# [Task item]
Would you print the lines below exactly, beginning at the line that has "Here is a problem" and stopping after the line that has "So that's the"? Only those lines, and no pictures.

# [Input data]

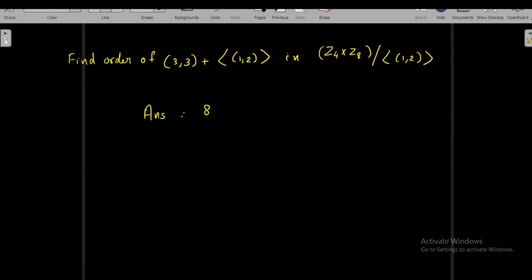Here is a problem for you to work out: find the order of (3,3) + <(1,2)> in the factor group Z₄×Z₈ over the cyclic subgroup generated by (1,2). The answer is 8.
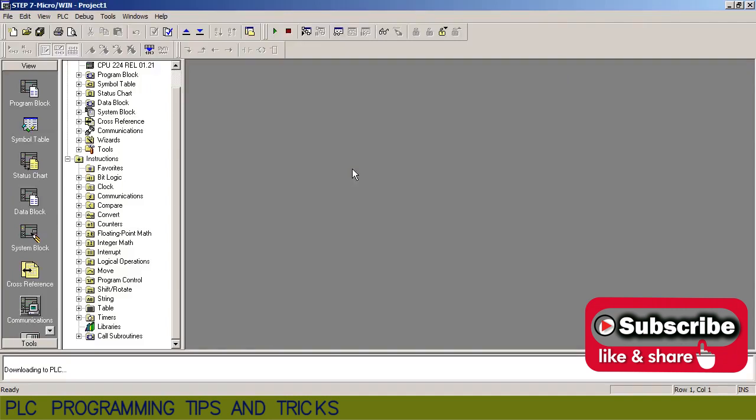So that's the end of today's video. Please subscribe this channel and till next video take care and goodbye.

---

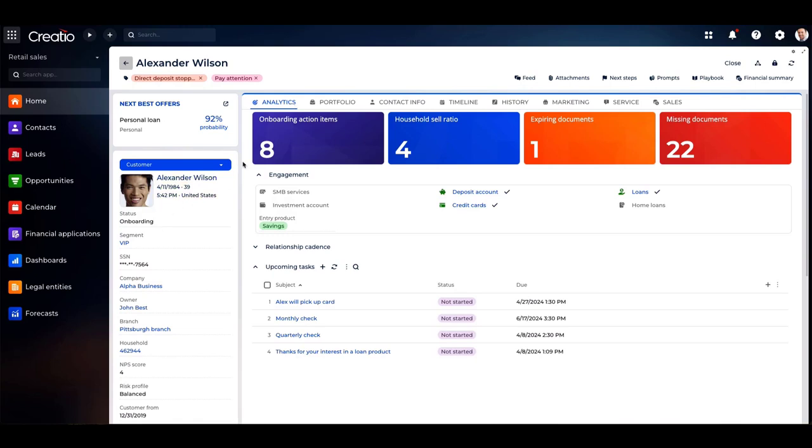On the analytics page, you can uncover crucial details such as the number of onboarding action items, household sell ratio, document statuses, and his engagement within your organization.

# [Written answer]
Here is a problem for you to work out: find the order of (3,3) + <(1,2)> in the factor group Z₄×Z₈ over the cyclic subgroup generated by (1,2). The answer is 8.
So that's the end of today's video. Please subscribe this channel and till next video take care and goodbye.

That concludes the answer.